BY JOE BUCK COATES
The battle for the Republican nomination of the Senate seat held by long-term incumbent Thad Cochran has been interesting, to say the least. The stakes soared even higher after newcomer David Bratt upset House Majority Whip Eric Cantor in the Virginia Republican primary a couple of weeks ago.
How did Rep. Cantor lose what seemingly was going to be a fairly easy win? Rep. Cantor had much going for him–power and prestige from having held his seat since 2001 and being elected the number two leader of the House, a war chest from having served 6-plus terms and all the prestige and spoils that go along with it. He just expected to win.
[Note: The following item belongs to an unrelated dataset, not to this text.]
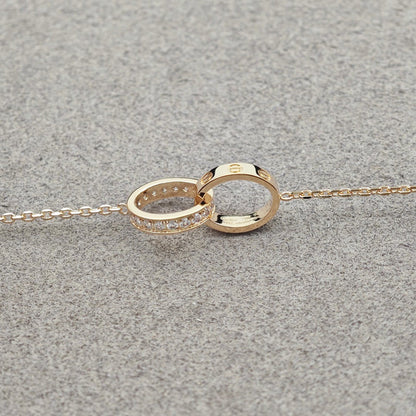 [AuraEcho]LOVE DOUBLE RING HALF DIAMOND NECKLACE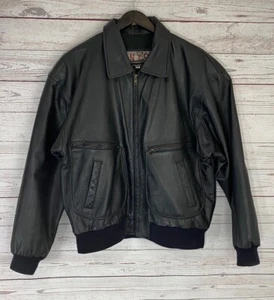 INXS Giubbotto Bomber Uomo Nero Completo Cerniera Foderato Tasche Collo 100% Pelle M - Foto 1 di 7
Bratt, who was backed by so-called Tea Party activists within the Republican party, came out of nowhere to defeat the juggernaut 56%-44%. He spent only a very small portion of what Rep. Cantor did leading up to the primary. He faces Democratic candidate Jack Trammell–another unknown–in November’s general election. Trammell was expected to be the Democrats’ sacrificial lamb against Rep. Cantor in November, but now, his campaign has most certainly been invigorated by Bratt’s win.
A similar scenario is playing out here in Mississippi. Very few expected challenger Chris McDaniel to give Sen. Cochran a run in the June 4 Republican primary. However, he even earned more votes than the incumbent, but not enough to avoid a runoff, which will be held next Tuesday.
Cochran, for his sake, is having to truly campaign for the first time in 30 or so years. The result of the primary, I think, was a loud wake-up call for his campaign managers, if not for himself. He was even at a campaign stop in Wesson on Tuesday.
On the sidelines, for now, sits Travis Childers, who quietly earned the Democratic nomination on June 4. Childers is no stranger to politics, having served as Mississippi’s First District representative from 2008 to 2011. He knows how the game is played.
And, the way the two Republicans have been beating up each other the past few days–and dragging supporters through the filth–Childers, right now, finds himself sitting pretty for the November general election.